4.2. Monitoring Software Functions

As the core hub of the system processing, the monitoring software mainly includes the unified and integrated management of data collected from the front-end stone column machine and tools. The back-end monitoring software mainly completes data preservation, analysis, and backtracking. The results are presented to the manager by graphical means, such as a report form and a statistical chart, which provides a basis for the manager to control the construction status macroscopically.
The monitoring software is based on the cloud GIS technology architecture and applied in the construction stage of airport construction. It aims to realize the visualization of the monitoring process of stone column construction and real-time quality monitoring. Using the proposed construction monitoring software technology, manual management error in the construction at this stage can be avoided. Construction information management can be effectively realized, while the management level can be improved and the management cost reduced.

4.2.1. Parameter Monitoring

The monitoring parameters include pile sinking depth, bearing layer current, filling amount, reverse inserting times, and state monitoring. The map displays the piling position information of the current working layer and uses different colors to represent the parameter information of each piling position.

4.2.2. Stone Column Data Monitoring

By obtaining the co-ordinate information of the construction section, a GIS geographic layer is established and meshed such that each grid is small enough to mark the grid position with the geodetic co-ordinates of the grid center point. In the process of real-time monitoring, the construction range of construction pile points can be determined from each new set of effective pile construction data obtained. The co-ordinates of the pile pipe can be combined with the size of its diameter, in which the pile pipe can be accurately drawn on the GIS map. At the same time, the construction parameters under the co-ordinate point, such as the depth of the sinking pile, the current of the load layer, and the number of reverse insertions, can be assigned; such that a point or area can be inspected and analyzed in the map.
The map marks different working conditions with differently colored icons. When clicking the icon, an animated simulation of the work and the real-time working data of the stone column are displayed, where a stoppage animation simulation is presented in the case of work stoppage.
For pile depth monitoring, we use different colors to display different pile depths in real time, where the unit is a meter. According to different depth ranges, all monitoring stone columns are given corresponding colors, which are indicated by the following color classification: The depth of 1–4 m is marked with red, 5–6 m with pink, and 9–13 m with green, such that the construction situation is clear and intuitive. Project managers can remotely grasp and scientifically adjust the project construction schedule, as well as rectify the weak areas detected in the system duly, in order to ensure the project quality. The monitoring effect of pile depth is shown in Figure 3.
In the bearing layer current monitoring, all monitored stone columns are given corresponding colors according to the current range of different load layers and marked by color. For example, a red solid circle is used for pile points in the 0–60 A range, a pink solid circle is used for pile points in the 80–100 A range, and a green solid circle is used for pile points in the 140–150 A range, in order to convey the current distribution of all construction stone columns in real time. An example is shown in Figure 4.
In reverse insertion time monitoring, all monitored stone columns are demonstrated with corresponding colors, according to different times of reverse insertion, which are indicated by color; for example, one reverse insertion is indicated with a pink solid circle, and 6–10 reverse insertions are indicated by green solid circles. In this way, we can obtain a real-time understanding of the current reverse insertion times of all construction stone columns. An example is shown in Figure 5.

4.2.3. Stone Column Information Query

A variety of data query methods, such as point selection, box selection, condition selection, and other data queries, can be used to query stone column monitoring information. The query results can then be exported using Excel.

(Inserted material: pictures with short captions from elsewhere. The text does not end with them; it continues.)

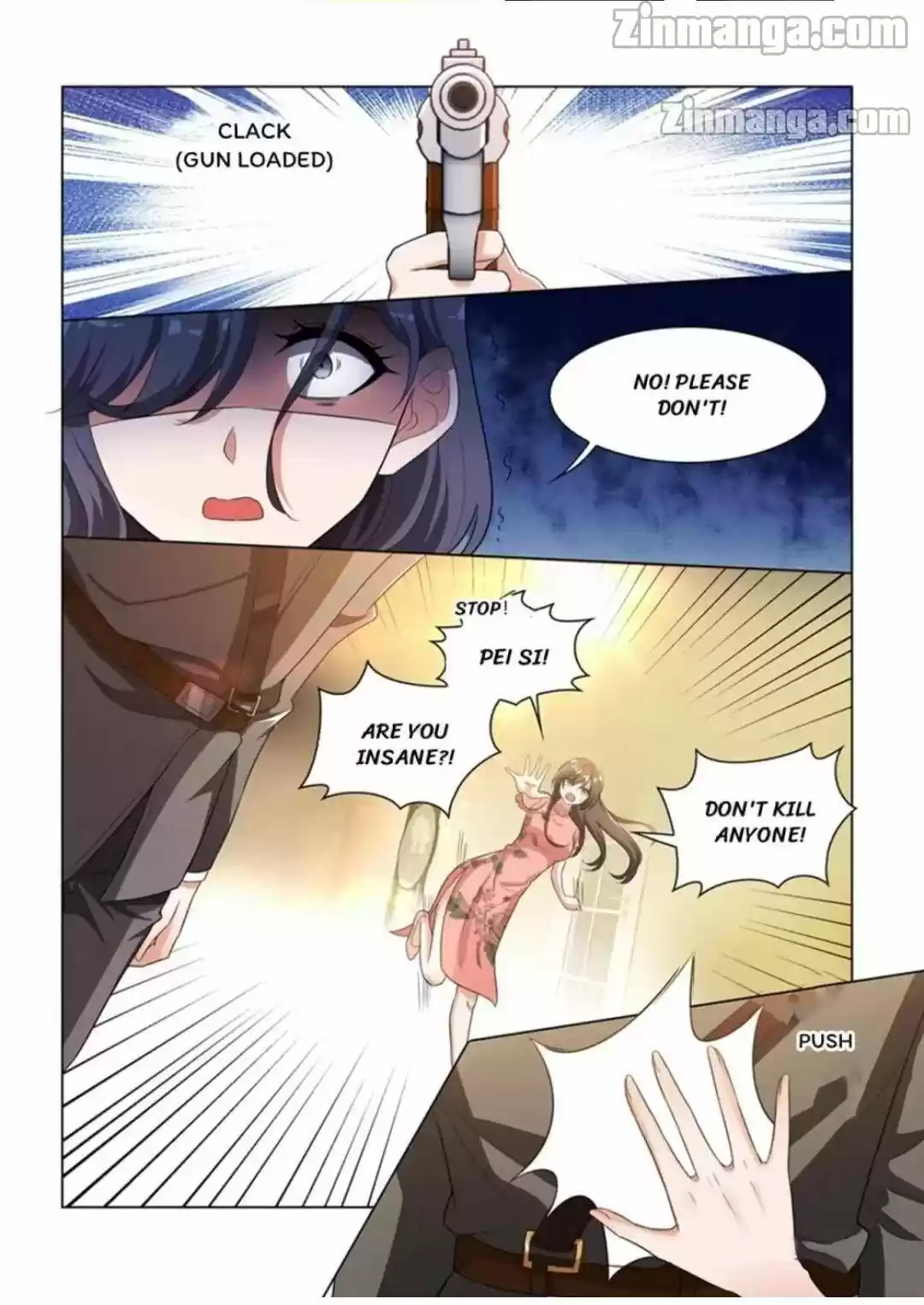 The Epic Revenge Chapter 180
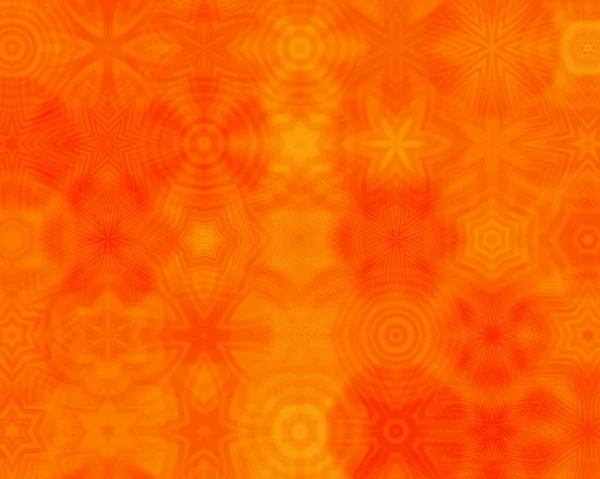 Couleur Orange Fond Abstrait — Photo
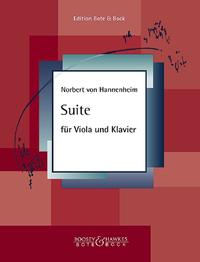 Vorderes Coverbild Suite für Viola und Klavier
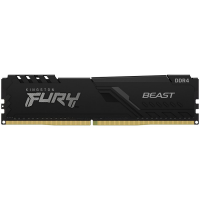Kingston DRAM 4GB 3200MT/s DDR4 CL16 DIMM FURY Beast Black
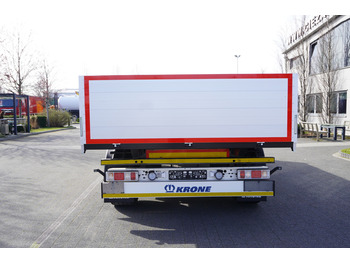KRONE Construction trailer / Flatbed 18 pallets / NEW year 2024 KRONE Construction trailer / Flatbed 18 pallets / NEW year 2024: صورة 5 KRONE Construction trailer / Flatbed 18 pallets / NEW year 2024 KRONE Construction trailer / Flatbed 18 pallets / NEW year 2024: صورة 5
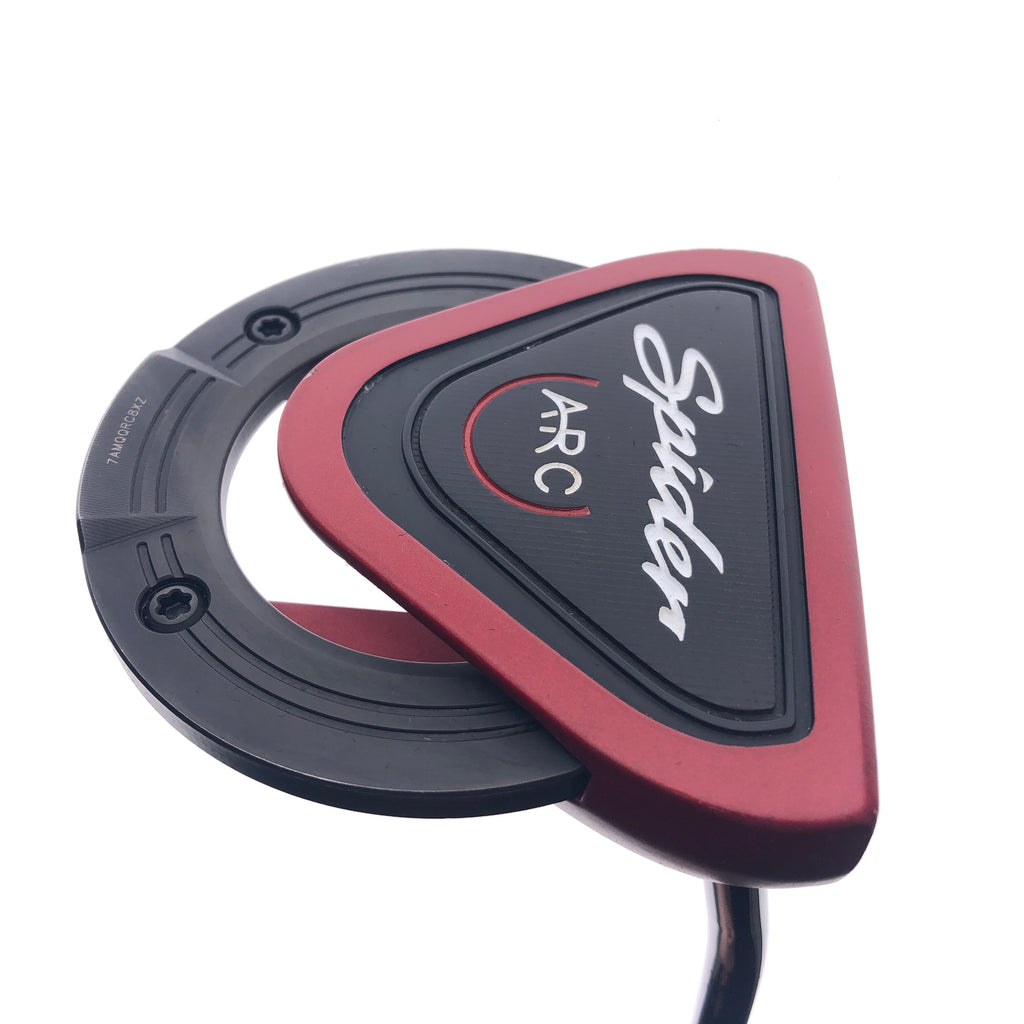Used TaylorMade Spider ARC Red Putter / 35.0 Inches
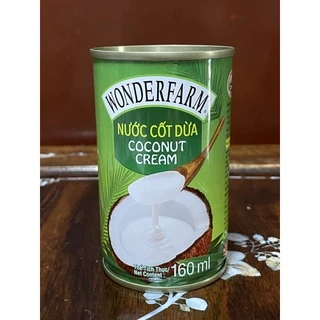 Nước Cốt Dừa Wonderfarm (160ml)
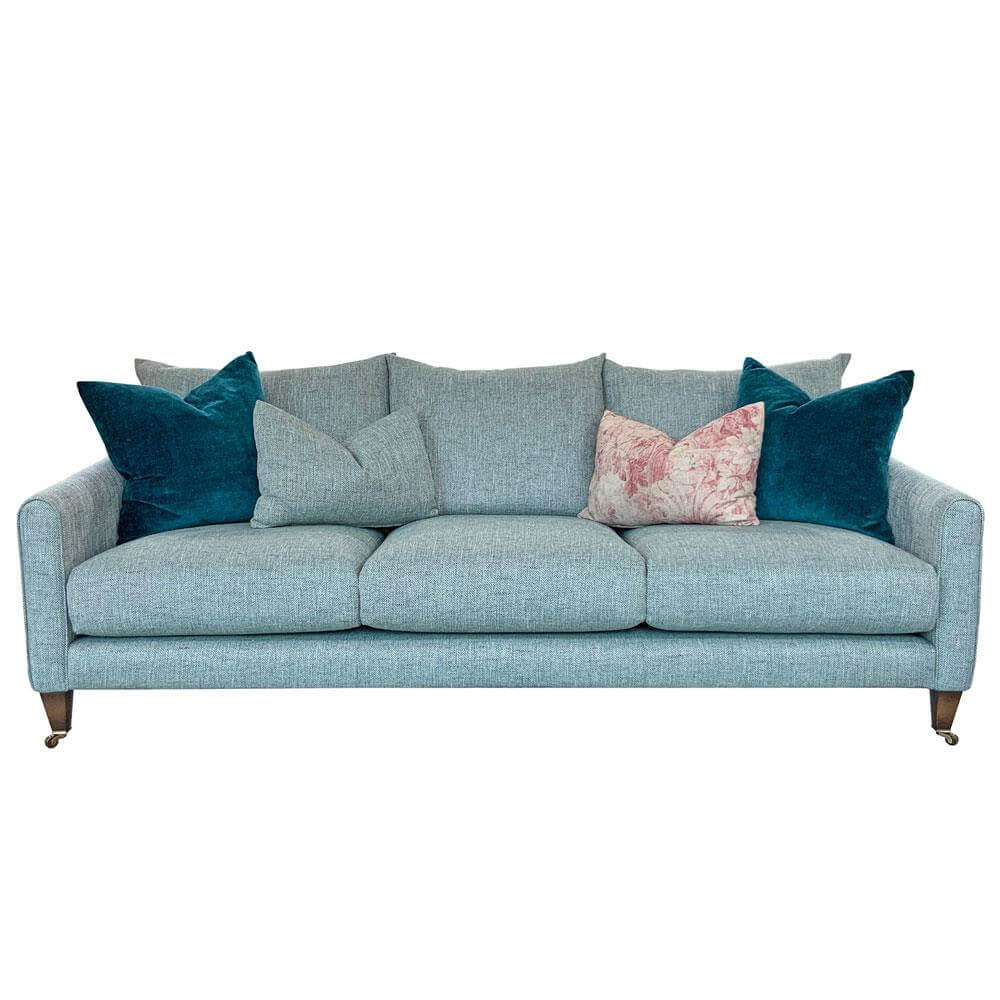 Drew Pritchard Harling Four Seater Sofa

4.2.4. Stone Column Information Statistics

The software can realize point selection, box selection, or statistics of monitoring information of the stone column machine in accordance with the period, number of stone column machines, and other conditions. Queries or statistics according to different conditions can be used to obtain the corresponding attribute information; as shown in Figure 6a, where we selected 21 pile points on the GIS map, queried the pile depth of each pile, and drew a column chart. From the legend, it can be seen that, for different pile depth ranges, the color is different. When selecting a pile point on the GIS map, relevant parameter information of the pile point can be queried, such as multiple pile points selection; as shown in Figure 6b, where the variation of depth of a single stone column was queried over time. Similarly, other monitoring parameters can also be queried and statistically analyzed. All queries, statistical property sheets, and statistical graphs can be exported to Excel.
Figure 6b is a line chart showing the variation of depth of a single pile over time. It can be seen that, at the beginning of piling, the pile depth increases with time. When the bearing layer is hit, it cannot be driven down any further, and the depth of the pile reaches its maximum. Then, pulling of the pile and reverse insertion of the pile begun, and the pile depth became smaller. When the pile head was pulled out of the ground, the pile was completed and the pile depth was restored to zero. Then, we can move to the next pile point and start piling.

4.2.5. Analysis Report Output

Parameters can be printed and exported in Word and Excel, based on a selected area or specified time or machine. Construction reports based on custom templates can be exported.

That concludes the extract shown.